Photo by Sam Gideon Anson
and Thea Boyanowsky

WE WERE 80 KILOMETERS INTO Colombia, riding up through the steep, lush valleys of the Andean Cordillera Oriental in the front seat of a '76 Dodge Dart, when we saw the first sign of the Revolutionary Armed Forces of Colombia. “FARC” was spray-painted red on an adobe wall on the outskirts of Pamplona, a colonial town set amidst hillsides patchworked in yuca, potato and corn, in the Valley of the Holy Ghost. A little farther on, we passed the turnoff to Saravena, where that same afternoon three American human-rights activists were pulled from their car by Las FARC and carried off to their eventual deaths. But as the Taxi Collectivo took us over the windswept and treeless passes, we saw nothing more threatening than a gaggle of uniformed schoolchildren kicking stones along the road.


We learned of the kidnappings the next day in the pages of El Espectador, over a Santandereño breakfast of café tinto and a light potato broth on our hotel-room balcony overlooking the whitewashed pueblo of Giron. Below us, tinto sellers lugging Thermoses crisscrossed the main square, past the fedoraed older men settling into the shade of the ceiba trees for the day's round of dominoes.

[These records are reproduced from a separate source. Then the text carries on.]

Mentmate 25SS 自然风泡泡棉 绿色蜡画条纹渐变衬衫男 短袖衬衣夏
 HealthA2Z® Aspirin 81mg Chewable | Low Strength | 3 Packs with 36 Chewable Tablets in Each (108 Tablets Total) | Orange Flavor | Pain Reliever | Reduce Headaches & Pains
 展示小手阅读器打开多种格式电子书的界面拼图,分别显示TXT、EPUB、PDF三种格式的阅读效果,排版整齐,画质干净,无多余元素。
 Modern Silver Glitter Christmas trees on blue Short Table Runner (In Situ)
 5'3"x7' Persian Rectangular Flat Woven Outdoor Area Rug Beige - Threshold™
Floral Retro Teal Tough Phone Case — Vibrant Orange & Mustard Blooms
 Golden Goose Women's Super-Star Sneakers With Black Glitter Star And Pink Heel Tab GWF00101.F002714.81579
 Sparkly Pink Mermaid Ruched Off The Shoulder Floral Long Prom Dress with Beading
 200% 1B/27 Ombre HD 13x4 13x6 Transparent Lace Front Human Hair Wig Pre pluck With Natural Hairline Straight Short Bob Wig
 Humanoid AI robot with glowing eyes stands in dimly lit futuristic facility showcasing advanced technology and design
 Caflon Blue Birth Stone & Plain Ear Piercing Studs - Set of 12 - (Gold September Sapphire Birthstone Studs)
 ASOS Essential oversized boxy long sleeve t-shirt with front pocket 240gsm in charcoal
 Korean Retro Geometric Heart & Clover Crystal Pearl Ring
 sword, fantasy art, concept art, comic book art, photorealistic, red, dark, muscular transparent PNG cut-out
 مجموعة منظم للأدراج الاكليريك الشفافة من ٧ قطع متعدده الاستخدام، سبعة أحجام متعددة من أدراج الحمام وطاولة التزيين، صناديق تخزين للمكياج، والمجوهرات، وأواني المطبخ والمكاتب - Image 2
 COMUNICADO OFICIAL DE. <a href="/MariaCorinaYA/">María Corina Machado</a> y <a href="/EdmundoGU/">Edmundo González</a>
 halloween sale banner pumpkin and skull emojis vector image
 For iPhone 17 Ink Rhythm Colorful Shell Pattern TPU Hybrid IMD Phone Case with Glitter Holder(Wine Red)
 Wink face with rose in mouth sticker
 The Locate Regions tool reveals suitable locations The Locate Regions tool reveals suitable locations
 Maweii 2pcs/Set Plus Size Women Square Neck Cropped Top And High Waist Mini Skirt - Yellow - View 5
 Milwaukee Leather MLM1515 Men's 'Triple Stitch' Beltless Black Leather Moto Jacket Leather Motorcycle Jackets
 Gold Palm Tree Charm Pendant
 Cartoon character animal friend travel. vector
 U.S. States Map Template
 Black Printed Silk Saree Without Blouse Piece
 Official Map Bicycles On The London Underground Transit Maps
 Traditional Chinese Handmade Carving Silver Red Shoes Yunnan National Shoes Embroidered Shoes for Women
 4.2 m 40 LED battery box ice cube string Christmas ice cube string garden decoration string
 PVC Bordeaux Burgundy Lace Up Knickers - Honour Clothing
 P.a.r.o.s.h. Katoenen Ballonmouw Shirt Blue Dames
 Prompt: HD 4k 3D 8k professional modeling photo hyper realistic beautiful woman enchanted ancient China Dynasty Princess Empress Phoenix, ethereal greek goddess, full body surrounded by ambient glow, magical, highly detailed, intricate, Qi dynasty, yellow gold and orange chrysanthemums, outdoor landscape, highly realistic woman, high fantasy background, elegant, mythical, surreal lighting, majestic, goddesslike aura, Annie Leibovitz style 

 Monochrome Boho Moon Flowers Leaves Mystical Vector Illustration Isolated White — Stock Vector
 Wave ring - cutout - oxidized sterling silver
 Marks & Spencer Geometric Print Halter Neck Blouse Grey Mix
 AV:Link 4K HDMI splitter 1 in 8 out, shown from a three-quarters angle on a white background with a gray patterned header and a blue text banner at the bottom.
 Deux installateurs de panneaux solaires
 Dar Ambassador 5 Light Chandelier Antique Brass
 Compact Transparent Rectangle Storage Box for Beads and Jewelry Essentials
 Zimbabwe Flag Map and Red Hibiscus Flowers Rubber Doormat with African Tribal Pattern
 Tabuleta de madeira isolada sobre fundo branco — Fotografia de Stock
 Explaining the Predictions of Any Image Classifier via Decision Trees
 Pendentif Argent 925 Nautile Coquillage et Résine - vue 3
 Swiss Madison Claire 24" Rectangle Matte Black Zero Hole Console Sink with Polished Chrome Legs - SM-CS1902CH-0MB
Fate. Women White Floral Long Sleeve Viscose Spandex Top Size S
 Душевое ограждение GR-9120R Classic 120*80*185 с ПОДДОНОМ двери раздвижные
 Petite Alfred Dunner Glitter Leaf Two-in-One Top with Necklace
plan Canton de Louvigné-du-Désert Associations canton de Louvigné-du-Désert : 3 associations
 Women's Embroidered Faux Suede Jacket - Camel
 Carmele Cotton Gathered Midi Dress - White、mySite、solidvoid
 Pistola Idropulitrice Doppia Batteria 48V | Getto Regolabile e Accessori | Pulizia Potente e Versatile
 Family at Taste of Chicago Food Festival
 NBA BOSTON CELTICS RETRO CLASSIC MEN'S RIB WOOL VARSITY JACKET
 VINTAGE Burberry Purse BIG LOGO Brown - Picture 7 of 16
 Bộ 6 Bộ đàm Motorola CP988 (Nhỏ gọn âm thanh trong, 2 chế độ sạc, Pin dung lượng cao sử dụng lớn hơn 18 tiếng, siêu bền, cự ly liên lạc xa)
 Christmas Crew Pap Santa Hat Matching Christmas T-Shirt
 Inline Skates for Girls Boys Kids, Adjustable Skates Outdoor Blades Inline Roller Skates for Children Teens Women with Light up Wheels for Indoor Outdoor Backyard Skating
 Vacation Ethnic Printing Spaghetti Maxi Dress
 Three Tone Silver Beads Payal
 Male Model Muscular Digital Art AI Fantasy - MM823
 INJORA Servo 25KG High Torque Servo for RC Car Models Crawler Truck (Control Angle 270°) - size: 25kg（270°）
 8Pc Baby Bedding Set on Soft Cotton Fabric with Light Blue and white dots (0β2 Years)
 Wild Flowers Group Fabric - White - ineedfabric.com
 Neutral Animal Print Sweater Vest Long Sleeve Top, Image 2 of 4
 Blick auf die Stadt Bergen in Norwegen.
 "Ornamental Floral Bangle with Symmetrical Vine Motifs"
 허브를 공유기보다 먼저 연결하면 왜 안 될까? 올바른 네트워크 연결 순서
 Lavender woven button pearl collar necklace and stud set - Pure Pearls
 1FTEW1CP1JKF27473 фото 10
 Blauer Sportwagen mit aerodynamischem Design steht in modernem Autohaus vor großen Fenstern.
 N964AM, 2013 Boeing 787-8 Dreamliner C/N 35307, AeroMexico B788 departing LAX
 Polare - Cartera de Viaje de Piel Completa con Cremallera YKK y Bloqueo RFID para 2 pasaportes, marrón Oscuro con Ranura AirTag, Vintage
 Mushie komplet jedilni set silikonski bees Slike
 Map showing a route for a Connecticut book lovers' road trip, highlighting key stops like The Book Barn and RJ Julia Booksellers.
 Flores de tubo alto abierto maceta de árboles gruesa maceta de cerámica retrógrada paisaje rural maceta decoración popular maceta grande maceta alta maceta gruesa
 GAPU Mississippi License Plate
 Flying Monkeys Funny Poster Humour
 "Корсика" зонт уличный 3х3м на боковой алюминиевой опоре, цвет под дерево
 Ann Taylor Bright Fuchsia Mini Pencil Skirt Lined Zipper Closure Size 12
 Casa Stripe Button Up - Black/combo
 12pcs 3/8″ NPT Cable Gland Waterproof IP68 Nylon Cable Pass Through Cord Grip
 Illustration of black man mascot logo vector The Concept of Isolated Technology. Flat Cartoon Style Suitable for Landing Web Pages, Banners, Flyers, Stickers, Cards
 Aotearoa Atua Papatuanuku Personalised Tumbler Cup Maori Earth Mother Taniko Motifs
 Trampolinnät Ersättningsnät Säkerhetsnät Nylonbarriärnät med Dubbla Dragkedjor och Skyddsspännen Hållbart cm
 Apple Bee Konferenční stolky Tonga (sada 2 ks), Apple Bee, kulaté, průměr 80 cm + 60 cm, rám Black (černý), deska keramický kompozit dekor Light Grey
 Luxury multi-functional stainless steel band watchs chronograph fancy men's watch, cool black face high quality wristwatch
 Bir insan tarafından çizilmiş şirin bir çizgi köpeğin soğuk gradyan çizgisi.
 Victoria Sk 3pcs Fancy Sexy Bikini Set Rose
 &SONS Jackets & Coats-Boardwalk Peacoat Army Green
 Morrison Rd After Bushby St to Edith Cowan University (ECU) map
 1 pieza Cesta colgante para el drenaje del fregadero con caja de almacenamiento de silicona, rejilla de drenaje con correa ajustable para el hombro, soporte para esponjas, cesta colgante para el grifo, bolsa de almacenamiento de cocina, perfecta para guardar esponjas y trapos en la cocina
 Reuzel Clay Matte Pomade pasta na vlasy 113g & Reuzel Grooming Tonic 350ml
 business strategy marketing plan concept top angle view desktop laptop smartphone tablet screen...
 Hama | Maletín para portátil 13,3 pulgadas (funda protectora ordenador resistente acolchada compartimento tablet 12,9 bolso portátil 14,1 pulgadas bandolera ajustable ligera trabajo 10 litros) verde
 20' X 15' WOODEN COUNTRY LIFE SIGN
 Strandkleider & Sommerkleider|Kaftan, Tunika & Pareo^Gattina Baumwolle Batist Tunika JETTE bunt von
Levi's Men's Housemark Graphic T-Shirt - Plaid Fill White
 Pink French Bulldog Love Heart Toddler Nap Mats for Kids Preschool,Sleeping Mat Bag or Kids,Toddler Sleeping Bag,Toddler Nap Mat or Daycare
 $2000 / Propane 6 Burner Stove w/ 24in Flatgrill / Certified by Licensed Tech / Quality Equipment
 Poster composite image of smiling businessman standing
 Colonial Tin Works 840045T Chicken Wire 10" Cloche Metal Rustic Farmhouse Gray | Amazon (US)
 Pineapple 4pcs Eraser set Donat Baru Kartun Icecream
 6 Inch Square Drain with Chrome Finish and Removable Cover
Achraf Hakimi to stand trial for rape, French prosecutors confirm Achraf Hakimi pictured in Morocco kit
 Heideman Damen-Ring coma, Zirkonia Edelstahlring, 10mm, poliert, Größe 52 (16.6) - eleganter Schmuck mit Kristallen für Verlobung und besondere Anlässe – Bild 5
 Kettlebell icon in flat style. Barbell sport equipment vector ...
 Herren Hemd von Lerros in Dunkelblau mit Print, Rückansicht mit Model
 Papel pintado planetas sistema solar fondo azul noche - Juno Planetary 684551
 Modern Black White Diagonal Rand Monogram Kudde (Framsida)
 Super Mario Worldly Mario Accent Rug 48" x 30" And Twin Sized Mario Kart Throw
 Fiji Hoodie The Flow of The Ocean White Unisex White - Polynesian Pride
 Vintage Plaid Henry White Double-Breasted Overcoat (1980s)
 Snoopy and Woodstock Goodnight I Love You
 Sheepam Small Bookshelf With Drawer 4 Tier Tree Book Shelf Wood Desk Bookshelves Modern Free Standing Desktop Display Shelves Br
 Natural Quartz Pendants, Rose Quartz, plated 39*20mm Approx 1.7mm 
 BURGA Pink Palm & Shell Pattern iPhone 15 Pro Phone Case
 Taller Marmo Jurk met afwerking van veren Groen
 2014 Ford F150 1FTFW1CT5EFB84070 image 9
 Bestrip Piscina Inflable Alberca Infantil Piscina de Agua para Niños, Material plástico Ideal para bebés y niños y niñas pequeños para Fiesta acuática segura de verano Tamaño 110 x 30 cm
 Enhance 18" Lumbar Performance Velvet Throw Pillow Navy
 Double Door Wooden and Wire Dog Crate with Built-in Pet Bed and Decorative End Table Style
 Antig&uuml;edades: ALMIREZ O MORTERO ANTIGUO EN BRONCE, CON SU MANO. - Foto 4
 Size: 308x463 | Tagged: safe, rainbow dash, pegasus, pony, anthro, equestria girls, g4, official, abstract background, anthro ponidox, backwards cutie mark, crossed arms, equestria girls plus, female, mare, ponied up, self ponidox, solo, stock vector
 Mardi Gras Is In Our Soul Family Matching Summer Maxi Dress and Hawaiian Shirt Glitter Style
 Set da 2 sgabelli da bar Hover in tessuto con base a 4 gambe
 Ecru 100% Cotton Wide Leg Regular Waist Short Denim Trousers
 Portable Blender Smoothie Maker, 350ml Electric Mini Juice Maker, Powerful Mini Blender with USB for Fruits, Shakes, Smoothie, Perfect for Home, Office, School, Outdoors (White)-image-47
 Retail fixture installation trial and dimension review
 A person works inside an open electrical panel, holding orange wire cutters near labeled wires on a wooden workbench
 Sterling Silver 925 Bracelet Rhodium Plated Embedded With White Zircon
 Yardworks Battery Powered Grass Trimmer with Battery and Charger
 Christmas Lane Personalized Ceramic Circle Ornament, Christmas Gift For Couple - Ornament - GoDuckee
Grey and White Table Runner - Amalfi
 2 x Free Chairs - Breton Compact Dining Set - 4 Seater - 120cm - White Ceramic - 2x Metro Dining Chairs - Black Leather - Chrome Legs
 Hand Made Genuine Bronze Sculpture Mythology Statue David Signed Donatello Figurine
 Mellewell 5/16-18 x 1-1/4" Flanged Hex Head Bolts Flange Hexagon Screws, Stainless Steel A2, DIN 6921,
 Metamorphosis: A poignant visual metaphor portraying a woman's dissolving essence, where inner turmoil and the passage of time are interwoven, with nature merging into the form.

Street vendors, hawking everything from batteries to a fudge-and-pastry snack called obleas, called out their wares. Just over the red, dusty hills to the west, in the city of Barrancabermeja — as we would read in the newspaper a few days and several hundred kilometers farther down the Pan-American Highway — a paramilitarist known as “El Panadero,” the Baker, was planning the daylight massacre of eight suspected guerrilla sympathizers, including several women, whose bodies he left lying in the street.


It became something of a ritual, this scanning of the morning's paper for news of violence committed along the peripheries of our route, from the Venezuelan border south through the Cordillera Oriental to Bogotá. In the almost museum-piece colonial town of Barichara, where the streets were paved with the same sunset-colored stone that stained the dirt in the valley red, the papers reported a car bombing on one of the main streets of Bucaramanga — just a few kilometers from where we had waited for a taxi three days earlier. In Tunja, the cold, treeless provincial capital set high on the Boyacán plateau, we read that seven people, including three foreigners, had been kidnapped at a guerrilla roadblock in the neighboring province of Magdalena.


Through the pastoral landscapes of Santander and Boyacá, the winding passes and verdant farms, this oblique knowledge of violence crept into what had only days before appeared to be bucolic vistas. Was there a moment of hesitation among the group of friendly campesinos we were tipping beers with when we said we were from the United States? Was it there, over that craggy ridge, that the guerrillas were hiding? And why was it that in the over 400 kilometers from the border town of Cúcuta to the market town of San Gil we didn't see a single government soldier, not even a policeman? The people who service the tourist trade in these towns didn't like to talk of these things. The response we always got whenever we asked about safety in the region was “sana,” as in sound — as in safe and sound.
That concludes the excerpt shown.